両側のほっぺたがリンゴのように赤くなることから「りんご病」として知られる感染症です。

ざっくりとどんな病気?

ヒトパルボウイルスB19による感冒様症状と特徴的な皮疹を呈する感染症です。

感染

集団生活を送る園児~小学生に好発し、次いで乳児に多く認めます。

飛沫・接触感染しますが、不顕性感染も多いとされます。

感染力が強いのは皮疹が出現する前の感冒様症状を呈する時期で、皮疹出現時には弱くなっています

年始から7月にかけて増加し9月にかけて減少する季節性があり、5年間の周期性もあるとされています。

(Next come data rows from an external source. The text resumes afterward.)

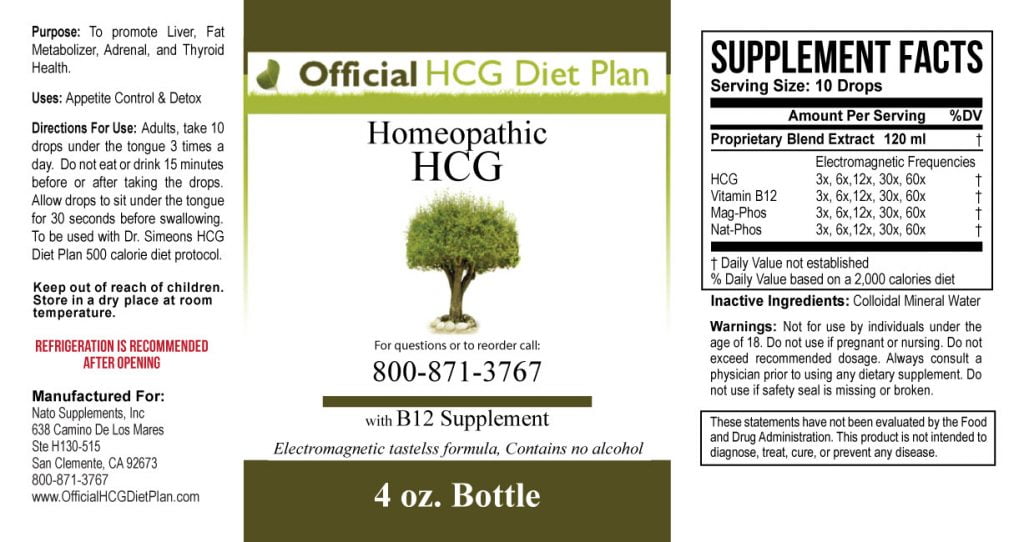 HCG Diet Drops Ingredients Label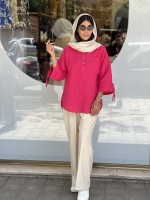 مانتو یقه3دکمه رنگی لینن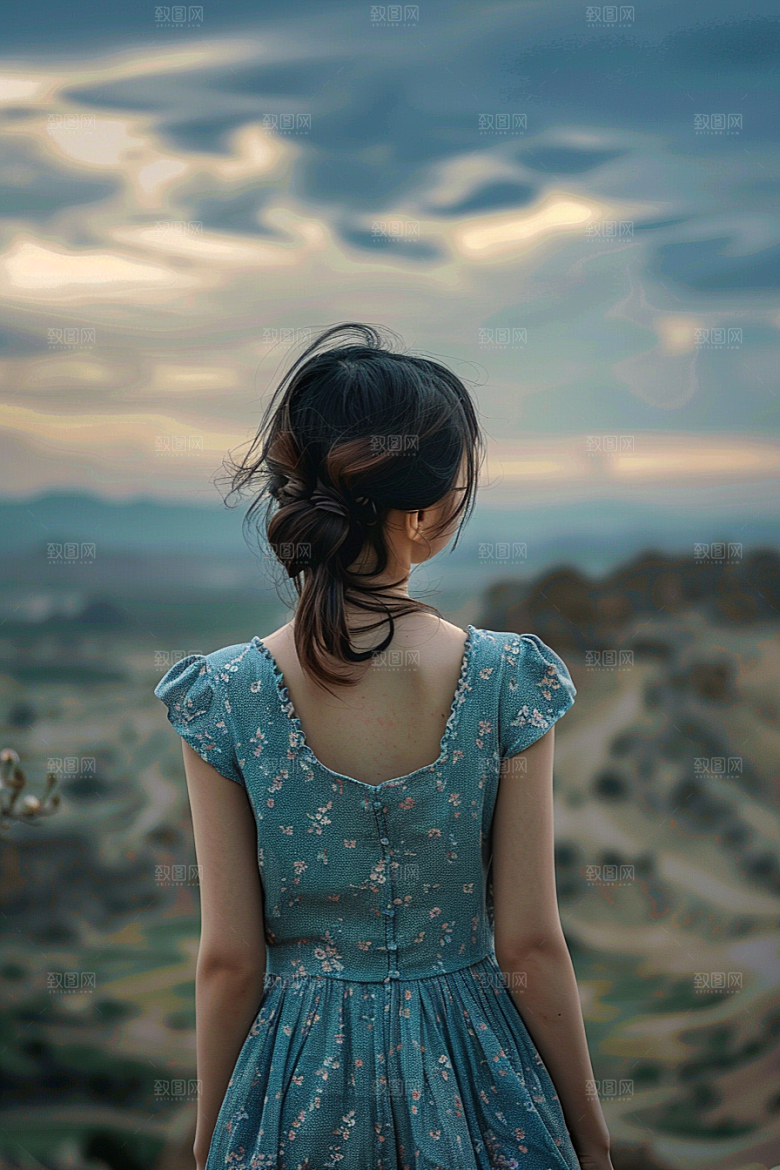 女生旅行背影辽阔人物摄影图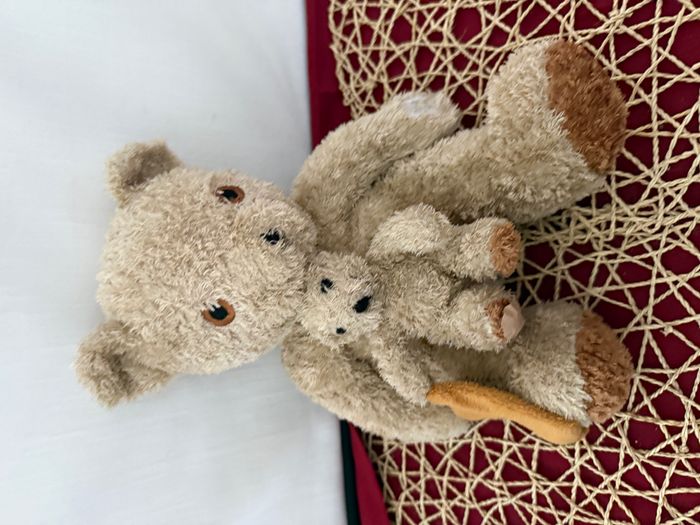 Doudou Peluche Ours et son doudou mouchoir Jours Heureux Ciad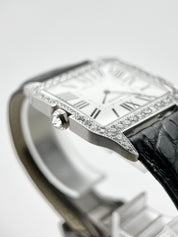 Cartier Santos Dumont 18k White Gold Manual Wind 2651 Aftermarket Diamonds l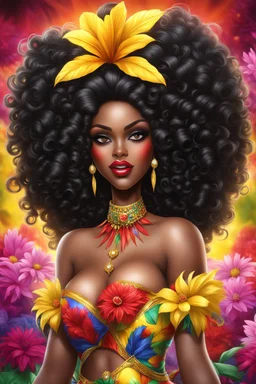 Create a digital airbrush cartoon of a curvy African American female wearing Brazilian carnaval outfit outfit that's Black, yellow, and red Prominent make up with hazel eyes. Highly detailed very long extremely curly black hair. Her skin is smooth and silky. Background eof a judge full of colorful flowers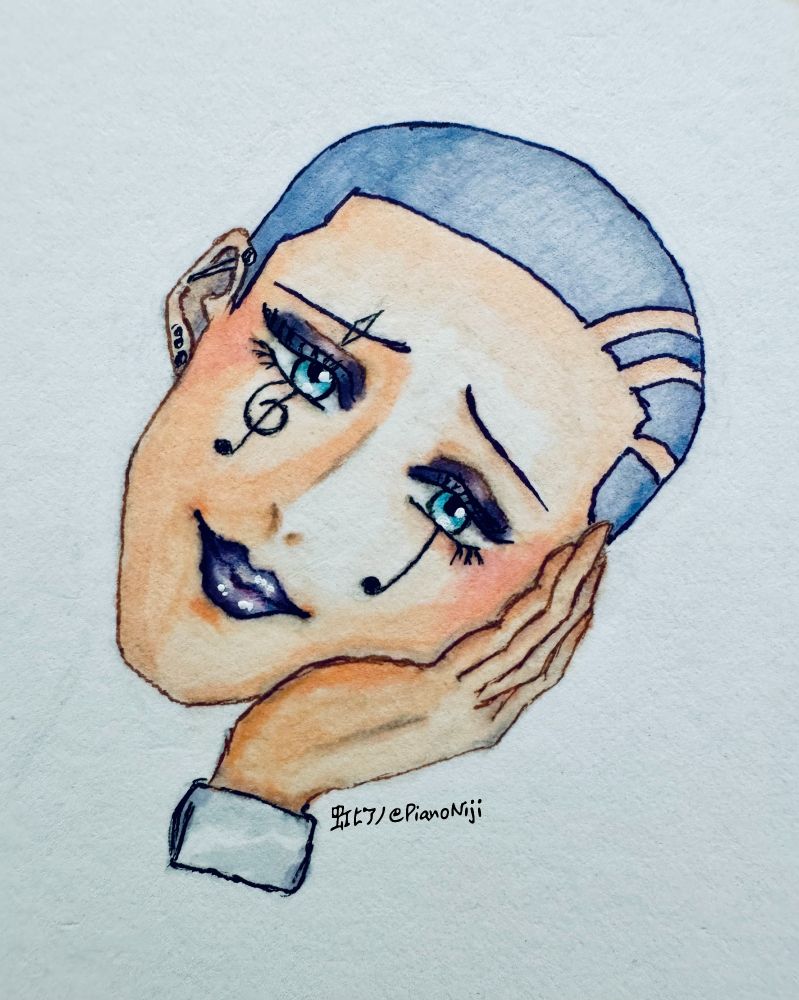 マーガレット・マカロン アナログ絵　製作者：虹ピアノ @PianoNiji
Margarette Macaron ink drawing by Niji Piano @PianoNiji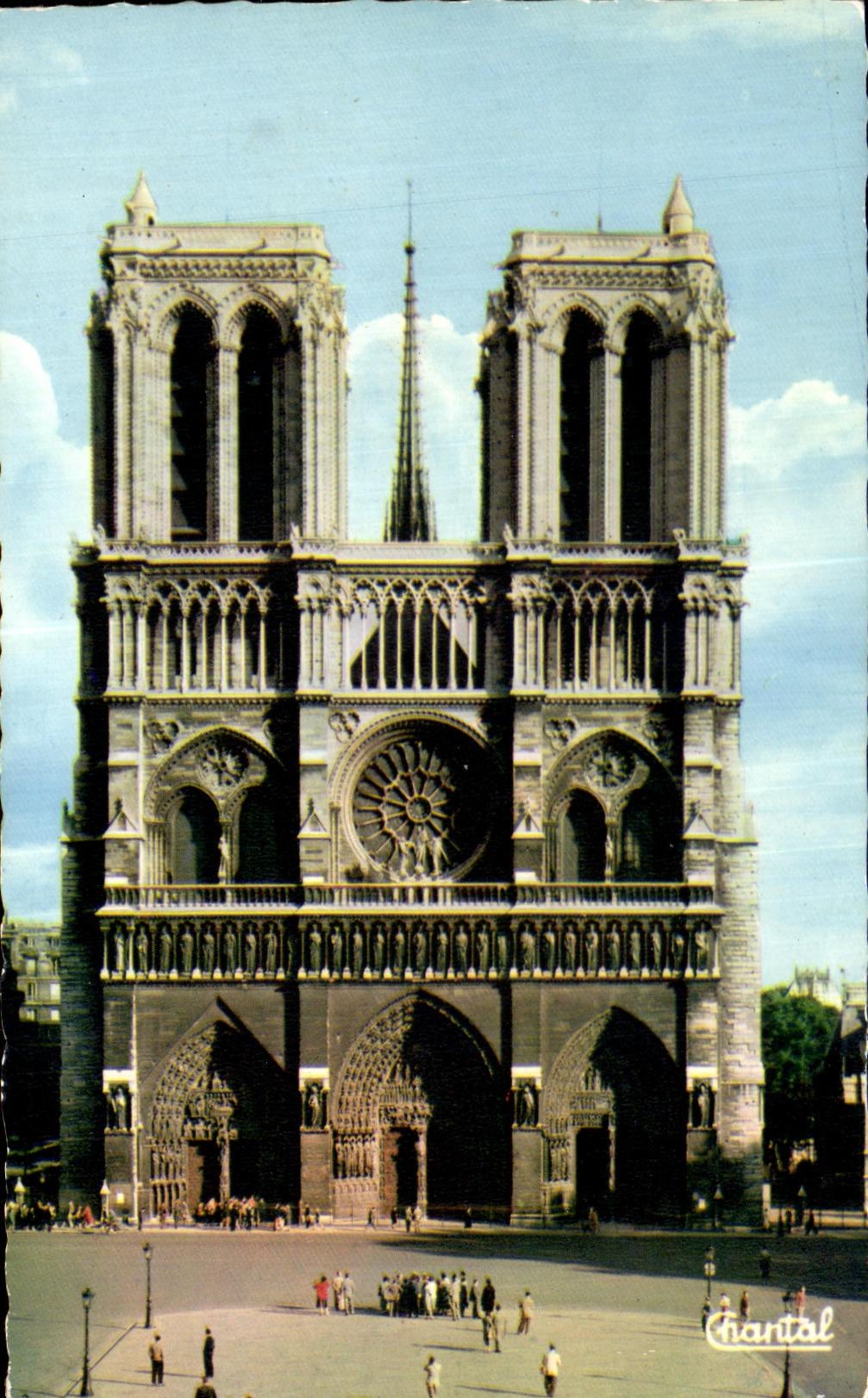CPSM Paris Facade de Notre Dame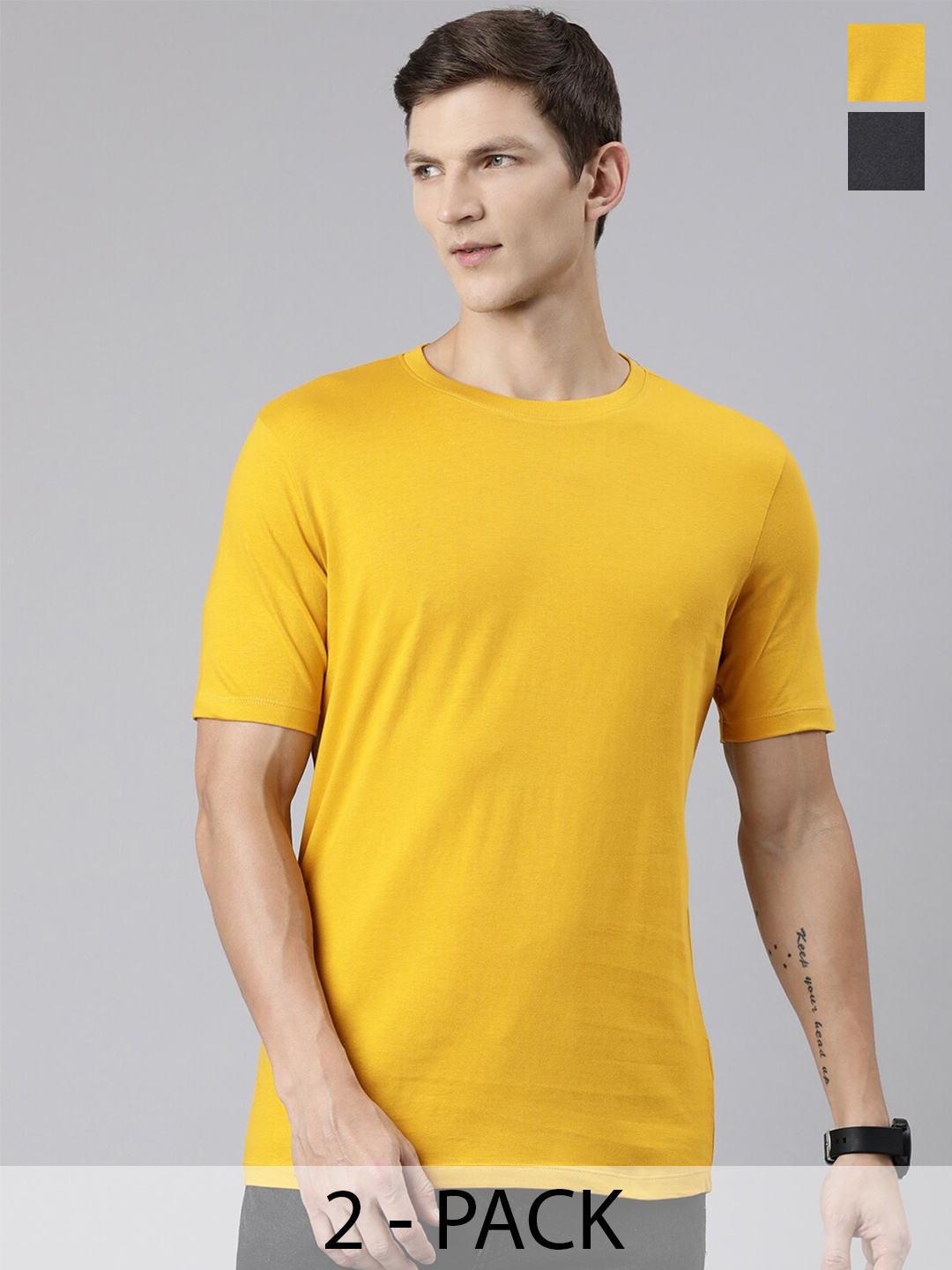 

Huetrap Men Set Of 2 Solid Round Neck T-shirts, Yellow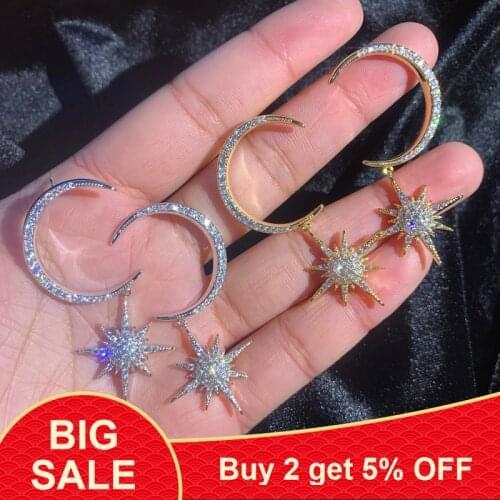 Luxury Female Crystal Moon Star Earrings Luxury 925 Silver Gold Earrings For Women Fashion Double Wedding Earrings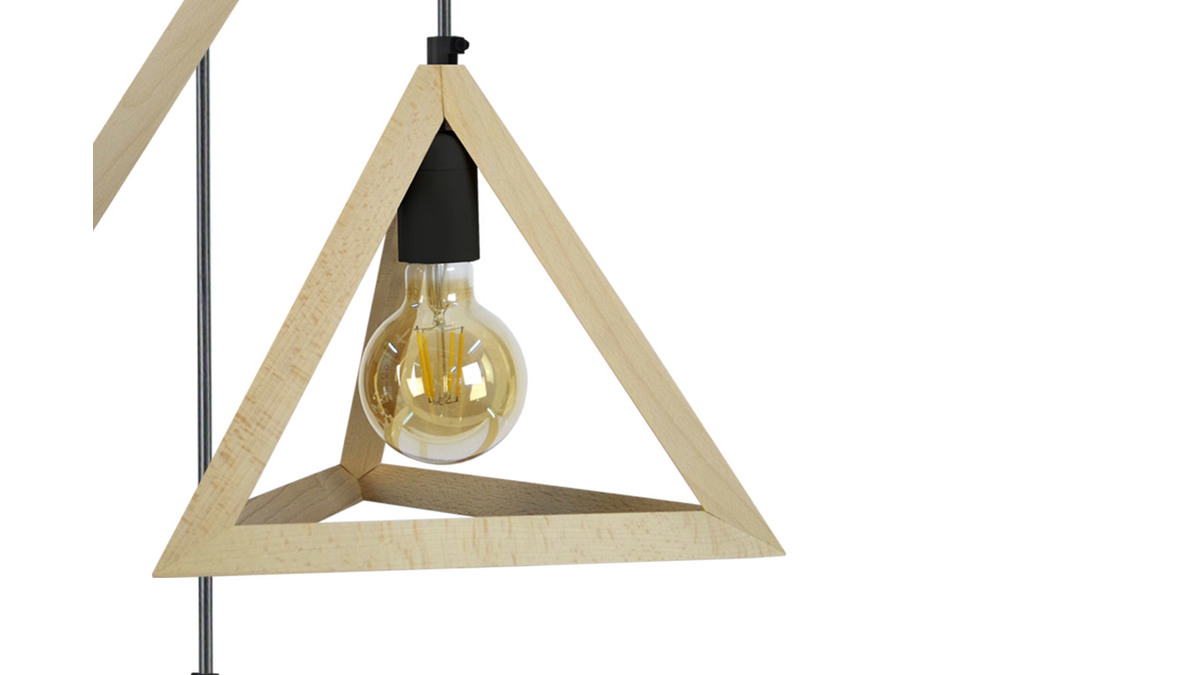 Hngelampe mit Holzpyramide 3 DUNE-Lampen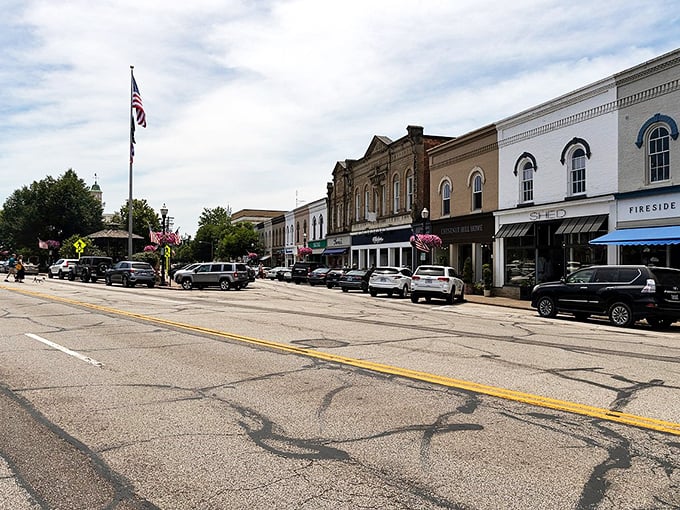 Stars and stripes forever: This all-American streetscape could give Captain America a run for his patriotic money. Historic buildings stand tall, while flower baskets add pops of color to this picturesque downtown.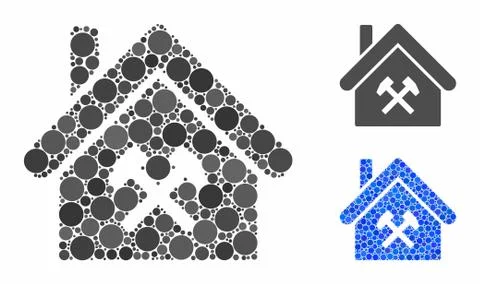 Factory Composition Icon of Circle Dots 스톡 일러스트
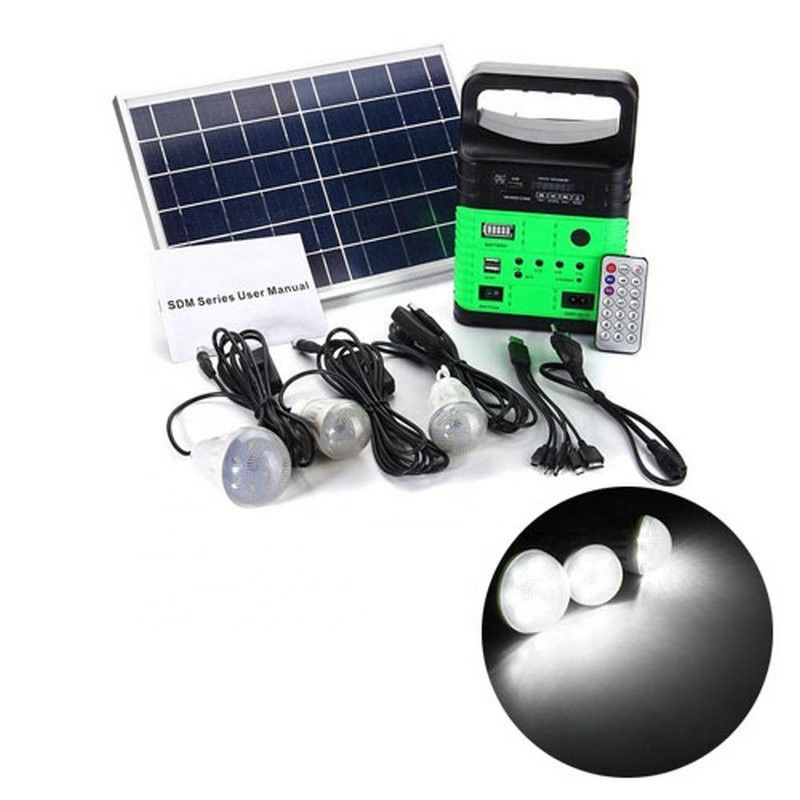 Kit de sistema de iluminação de painel de energia solar ao ar livre com 3 lâmpadas para jardim ao ar livre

原則的には一旦感染すると終生免疫を獲得し再感染しません。

Q. りんご病と診断されました。幼稚園は休ませる必要がありますか?
A. りんご病(伝染性紅斑)と診断される頃には人にはうつしません。したがって休ませる必要はありません

症状

時系列的には(潜伏期間7~10日 →)感冒様症状 → 4~10日 → 皮疹 → 7日前後 → 軽快という経過をたどります。

感冒様症状
発熱、悪寒、倦怠感、筋肉痛、咽頭痛などを認めます。

皮疹
両側の頬に比較的はっきりとした赤みが出現した後に、手足に網目の様な皮疹が出現します。かゆみはあっても軽度です。
皮疹は7日前後で消退しますが、20%前後が日光・寒冷・入浴などで再出現します。
皮疹の出現は感染者のうち20~30%とされています。

関節症状
小児ではあまり認めませんが、成人では約半数で皮疹と同時期に関節痛を認めます。赤み・腫れといったなどの関節炎の所見を認めることもあります。

合併症

健常者が合併症を伴うことは稀です。

骨髄無形成発作:溶血性貧血患者に重度の貧血発作や汎血球減少症をきたすものです。

胎児水腫・流産:妊婦から胎児への感染できたすことがあります。これにより先天異常をきたすことはないとされています。

Q. 胎児水腫とはなんですか?
A. 胎児の胸腔や腹腔に液体成分が貯留したり、皮膚に浮腫などをきたすものです。専門医による管理・治療を要します

診断

一般的には流行状況や特徴的な皮疹で診断します。

血液検査で特異的IgM抗体の検出、あるいはペア血清による特異的IgG抗体の上昇で診断することがあります。

治療

基本的には症状に合わせた対症療法を行います。

重症な免疫学的・血液学的合併症の可能性があるケースでγグロブリン製剤を使用することがあります。

予防

「感染」の項に記載した通り感染力が強いのは特徴的な皮疹が出現する前のため現実的な感染拡大予防法はありません。

ワクチンはありません。

学校保健法にる登園・登校の規定

明確な規定はなく、一般的には診断される頃には感染性が低いため感染拡大防止のための自宅待機は不要とされます。